After deploying a new version of cloudapps, a course-management platform, some API requests started failing in production. The backend is a Python app based on FastAPI and Starlette, served by Uvicorn. The frontend is a Vue.js SPA. Both run as Docker containers behind a NGINX reverse proxy that terminates TLS. In the local development environment, there is no reverse proxy.
I had restructured some endpoint URLs and adapted the frontend accordingly. Backend tests passed, frontend integration tests against the local backend passed. Then in production the frontend couldn't load certain data. The requests came back as HTTP 307 temporary redirects to the same URL, but with a trailing slash and, more importantly, the scheme changed from https to http:
* Original request: https://timorieber.de/api/health * Redirected to: http://timorieber.de/api/health/
The browser blocked these redirects due to mixed content. HTTPS to HTTP is not allowed. The obvious suspect was the NGINX reverse proxy, the one component missing from local development.
The culprit
After some digging I found the real source: FastAPI itself. By default it redirects requests without a trailing slash to the same URL with a trailing slash, if the route exists.
from fastapi import FastAPI, APIRouter
healthcheck_router = APIRouter()
@healthcheck_router.get('/')
async def healthcheck() -> dict:
return {'state': 'healthy'}
def create_app() -> FastAPI:
app = FastAPI()
app.include_router(healthcheck_router, prefix='/api/health')
return appThis defines /api/health/ (with trailing slash). A request to /api/health (without it) gets automatically redirected to /api/health/. The backend tests hit /api/health and got 200 because the test client follows the redirect transparently. Same for manual frontend testing. Without a reverse proxy in the middle, nobody noticed.
The redirect constructs the target URL from the incoming request. Behind NGINX the original scheme information is lost, so the redirect points to http instead of https.
Option 1: forward the original scheme through NGINX
User pjaydev on GitHub has provided a great explanation of this approach.
The fix is to forward the original request headers so the redirect URL is constructed correctly:
location / {
[...possible other configuration...]
proxy_set_header Host $http_host;
proxy_set_header X-Forwarded-For $proxy_add_x_forwarded_for;
proxy_set_header X-Forwarded-Proto $scheme;
proxy_pass http://backend;
}Uvicorn also needs to process these headers:
uvicorn --proxy-headers --forwarded-allow-ips=*It worked for me without --proxy-headers, but being explicit is better. From a security perspective, restrict --forwarded-allow-ips=* to the actual IP of the reverse proxy.
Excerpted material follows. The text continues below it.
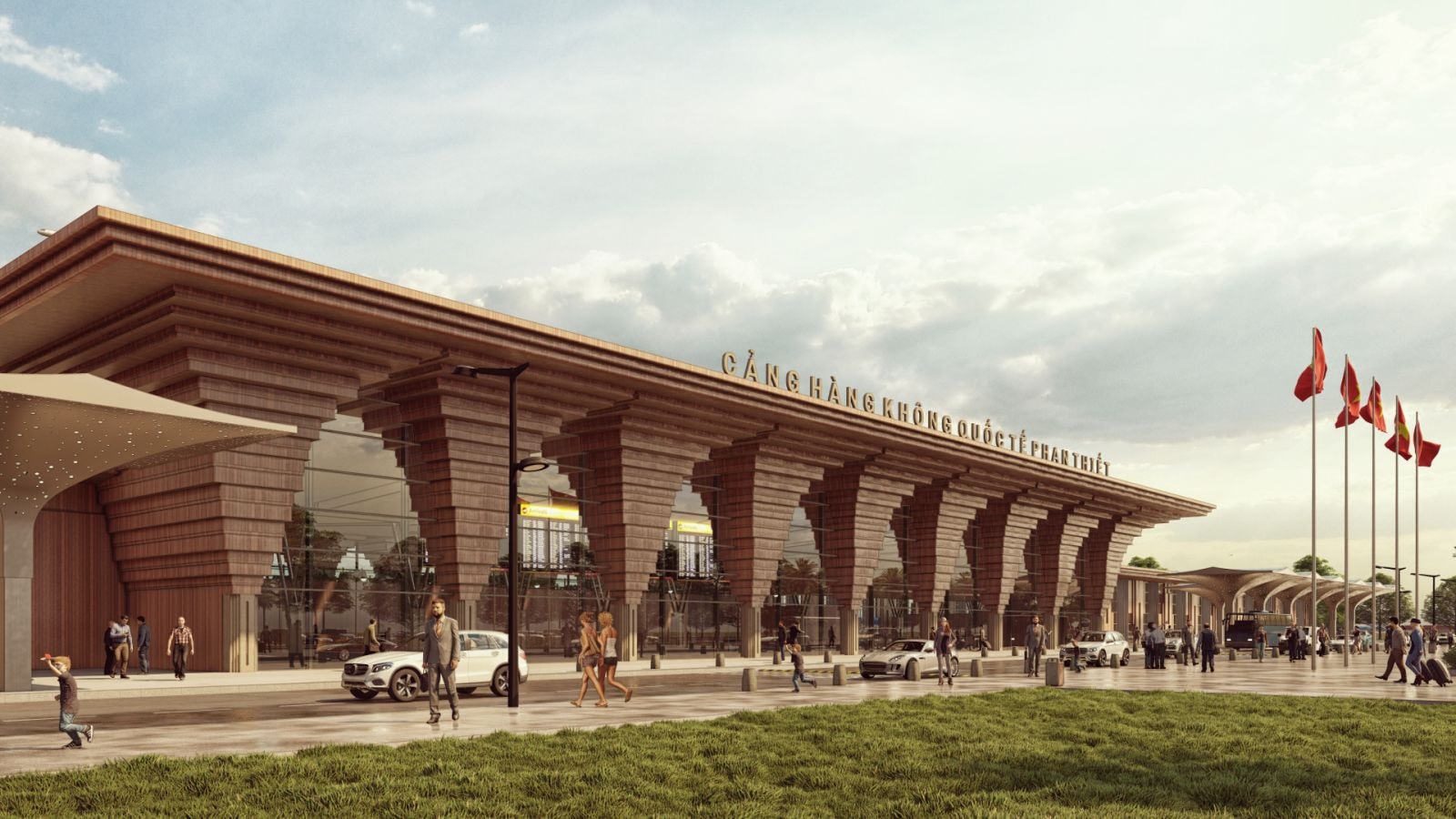 Trở thành nhà đầu tư xây dựng sân bay Phan Thiết, Sun Group đang tham gia bao nhiêu sân bay? - Ảnh 2.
I don't like this solution:
* It adds complexity to the production setup. * It requires knowledge about the "how" and "why". * It hides the magic redirect from the backend stack. * It does an extra roundtrip for the redirect. * Most importantly: it is not easily testable.
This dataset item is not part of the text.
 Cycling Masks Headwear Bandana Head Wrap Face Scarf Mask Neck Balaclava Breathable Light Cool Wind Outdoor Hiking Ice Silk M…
Option 2: disable the redirect in FastAPI
I prefer to tackle problems at their root. FastAPI lets you disable the redirect by setting redirect_slashes to False (app-level, router-level). You only need to configure one of them, depending on your needs:
from fastapi import FastAPI, APIRouter
healthcheck_router = APIRouter(redirect_slashes=False)
@healthcheck_router.get('/')
async def healthcheck() -> dict:
return {'state': 'healthy'}
def create_app() -> FastAPI:
app = FastAPI(redirect_slashes=False)
app.include_router(healthcheck_router, prefix='/api/health')
return appThis is straightforward to test:
def test_healthcheck_returns_200(test_client):
response = test_client.get('/api/health/')
assert response.status_code == 200
def test_healthcheck_without_trailing_slash_returns_404(test_client):
response = test_client.get('/api/health')
assert response.status_code == 404No NGINX coordination, no proxy header forwarding, no hidden redirects. The endpoint either exists or it doesn't. Explicit is better than implicit.